To be specific, LakeSoul has the following characteristics:

  • Elastic framework: The computing and storage is completely separated. Without the need for fixed nodes and disks, the computing and storage has its own elastic capacity, and a lot of optimization for the cloud storage has done, like concurrency consistency in the object storage, incremental update and etc. With LakeSoul, there is no need to maintain fixed storage nodes, and the cost of object storage on cloud is only 1/10 of local disk, which greatly reduces storage and operation costs.
  • Efficient and scalable metadata management: LakeSoul uses Cassandra to manage metadata, which can efficiently handle modification on metadata and support multiple concurrent writes. It solves the problem of slow metadata parsing after long running in data Lake systems such as Delta Lake which use files to maintain metadata, and can only be written at a single point.
  • ACID transactions: Undo and Redo mechanism ensures that the committing are transactional and users will never see inconsistent data. Multi-level partitioning and efficient upsert: LakeSoul supports range and hash partitioning, and a flexible upsert operation at row and column level. The upsert data are stored as delta files, which greatly improves the efficiency and concurrency of writing data, and the optimized merge scan provides efficient MergeOnRead performance.

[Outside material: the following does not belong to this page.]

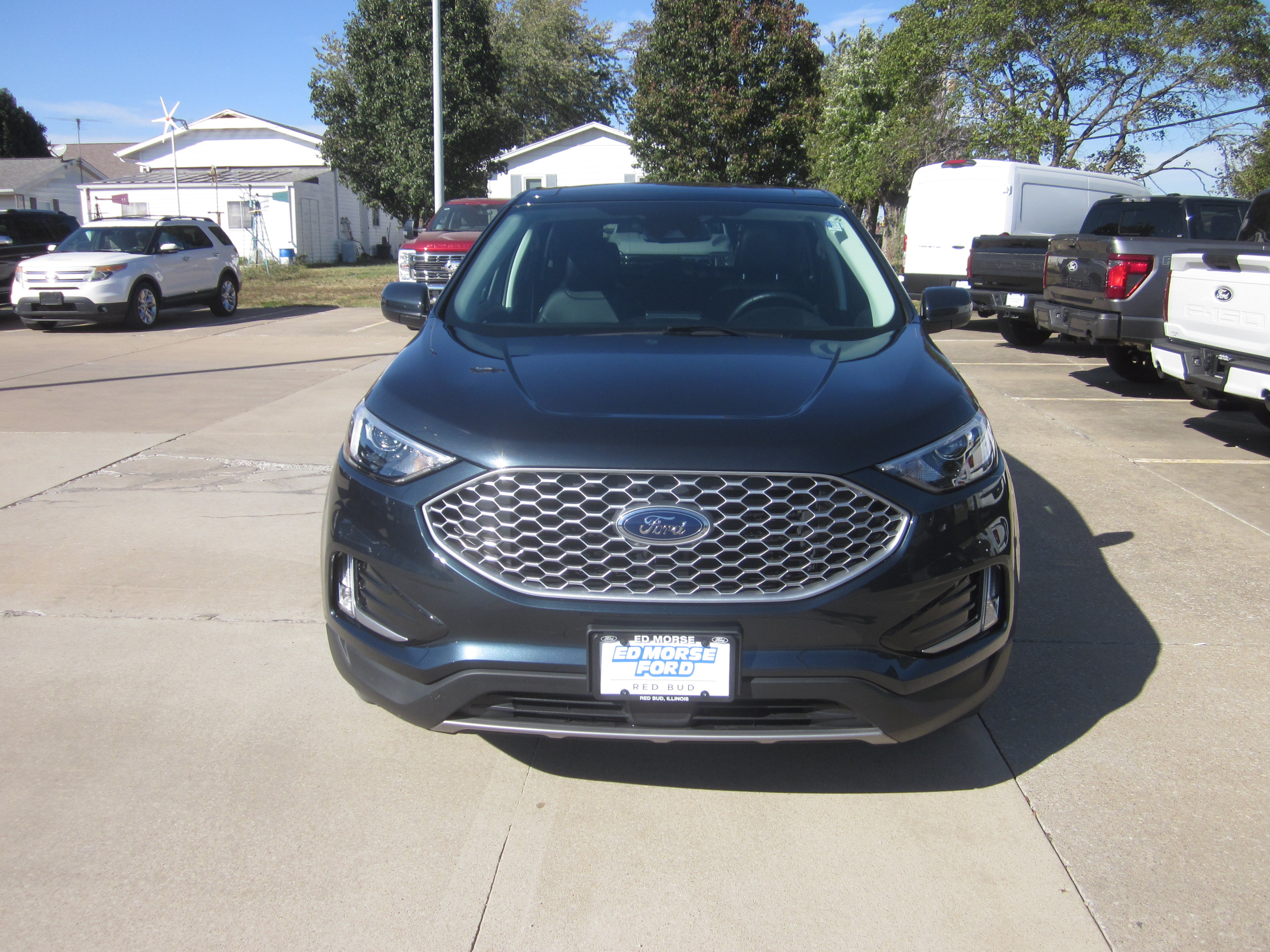 Used 2024 Ford Edge SEL w/ Convenience Package AWD/4WD image 2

  • Streaming and batch unification: Streaming Sink is supported in LakeSoul, which can handle streaming data ingesting, historical data filling in batch, interactive query and other scenarios simultaneously.

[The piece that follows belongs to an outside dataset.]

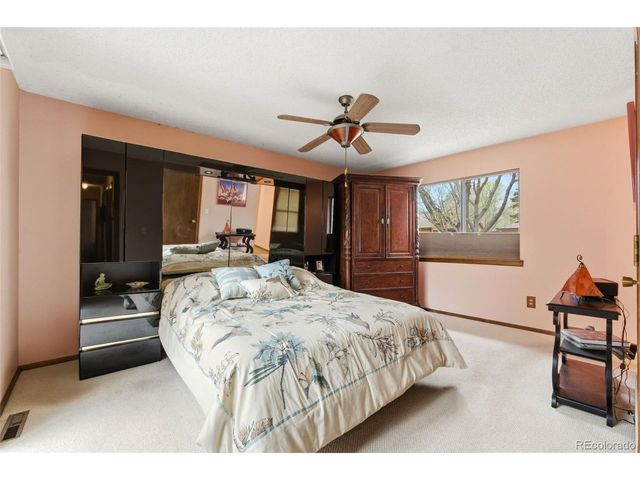 47 S Eagle Cir, Aurora, CO 80012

  • Schema evolution: Users can add new fields at any time and quickly populate the new fields with historical data.

Application scenarios of LakeSoul:

  • Incremental data need to be written efficiently in large batches in real time, as well as concurrent updates at the row or column level. Detailed query and update on a large time range with huge amount historical data, while hoping to maintain a low cost
  • The query is not fixed, and the resource consumption changes greatly, which is expected that the computing resources can be flexible and scalable independently
  • High concurrent writes are required, and metadata is too large for Delta Lake to meet performance requirements.
  • For data updates to primary keys, Hudi's MergeOnRead does not meet update performance requirements.